(Beginning of Data shown)
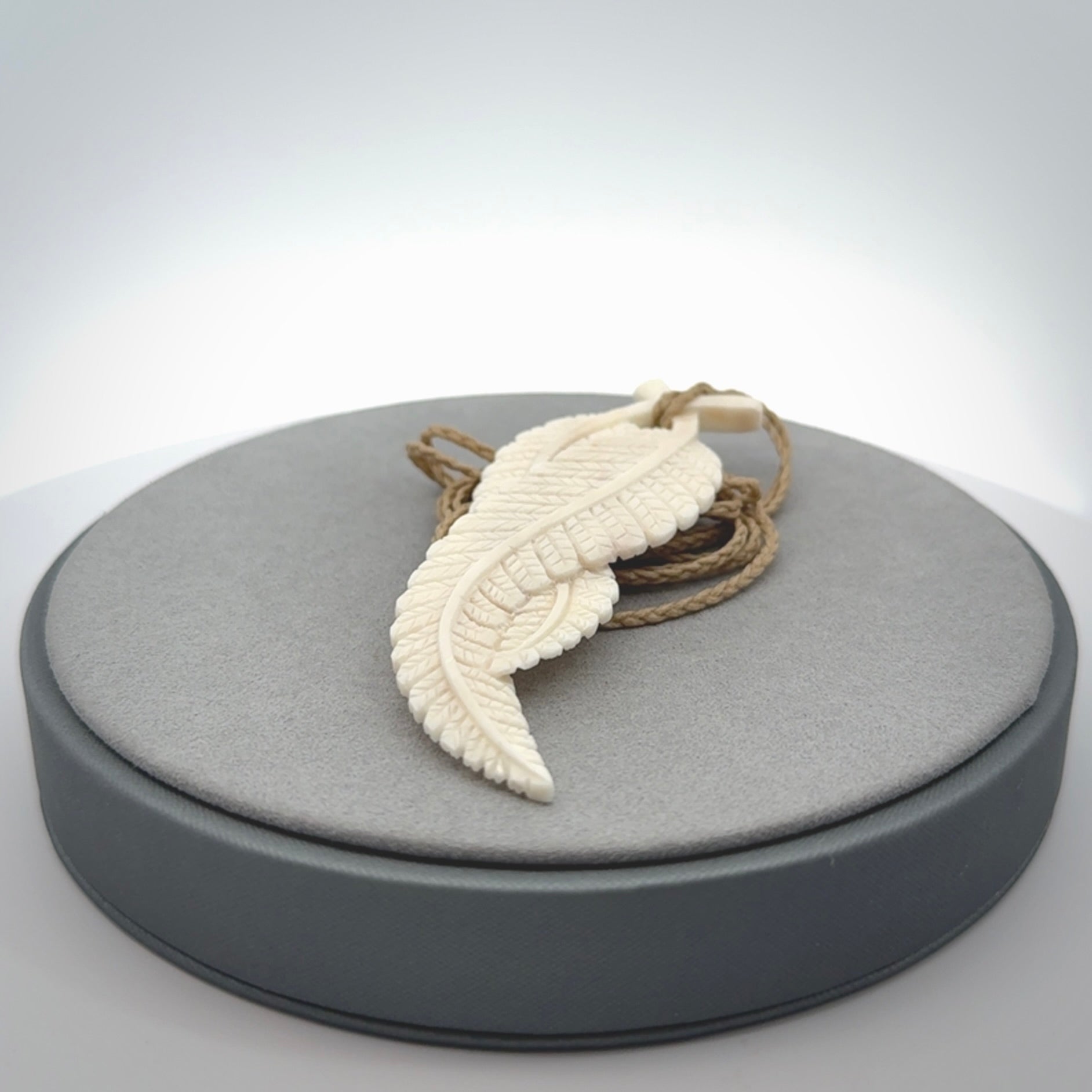 A hand carved large bone double fern leaf necklace. A beautiful large double fern leaf pendant carved from bone for NZ Pacific. This is a true piece of wearable art and is provided with an adjustable cord.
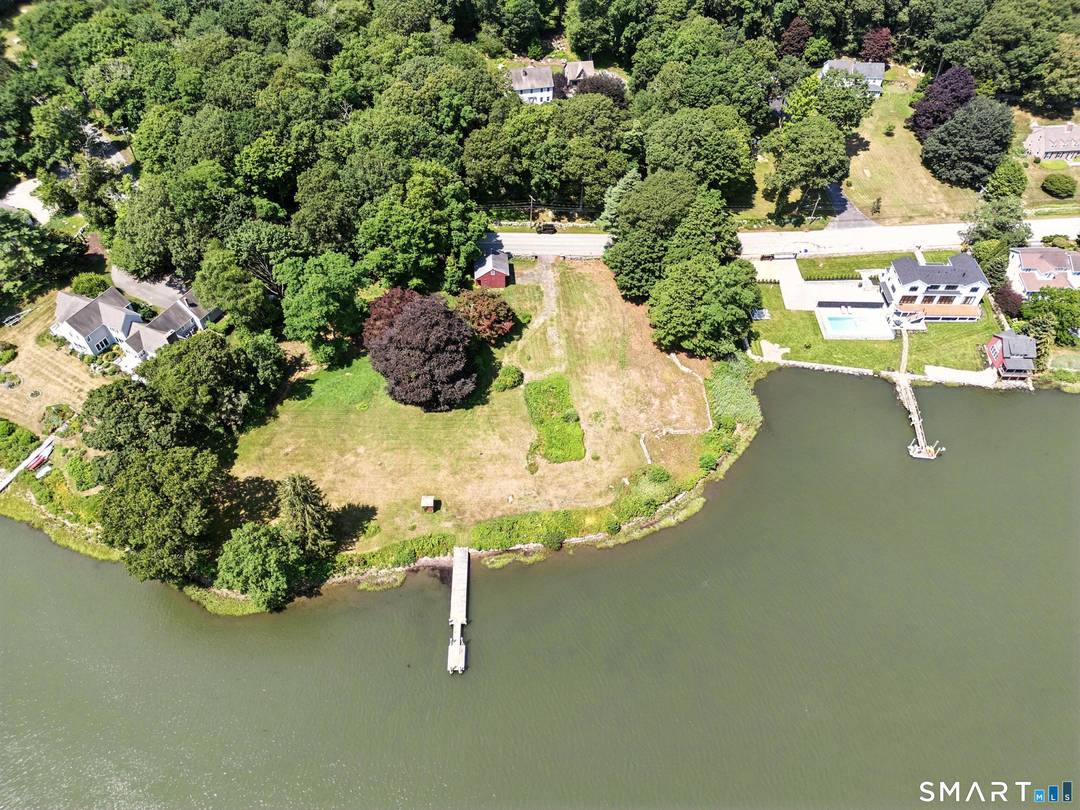 An exceptional waterfront lot offering the rare opportunity to own almost 1 acre of level coastal property in prime Stonington.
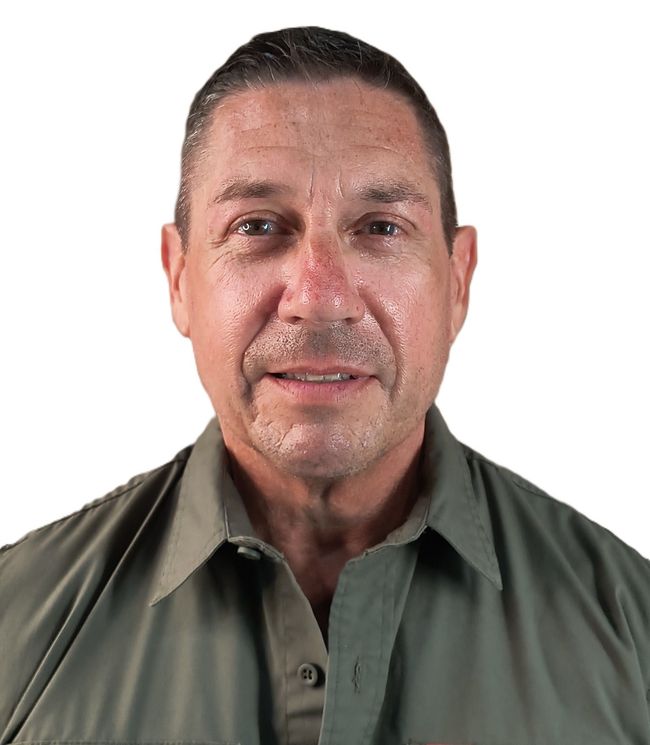 Man in olive green collared shirt smiles at camera, against white backdrop.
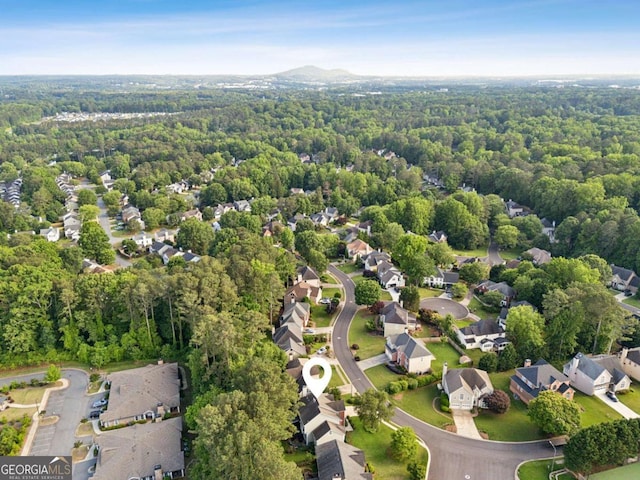 aerial perspective of suburban area with a heavily wooded area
(End of Data shown)
Print out all the material above exactly as it appears, omitting the images.

 A hand carved large bone double fern leaf necklace. A beautiful large double fern leaf pendant carved from bone for NZ Pacific. This is a true piece of wearable art and is provided with an adjustable cord.
 An exceptional waterfront lot offering the rare opportunity to own almost 1 acre of level coastal property in prime Stonington.
 Man in olive green collared shirt smiles at camera, against white backdrop.
 aerial perspective of suburban area with a heavily wooded area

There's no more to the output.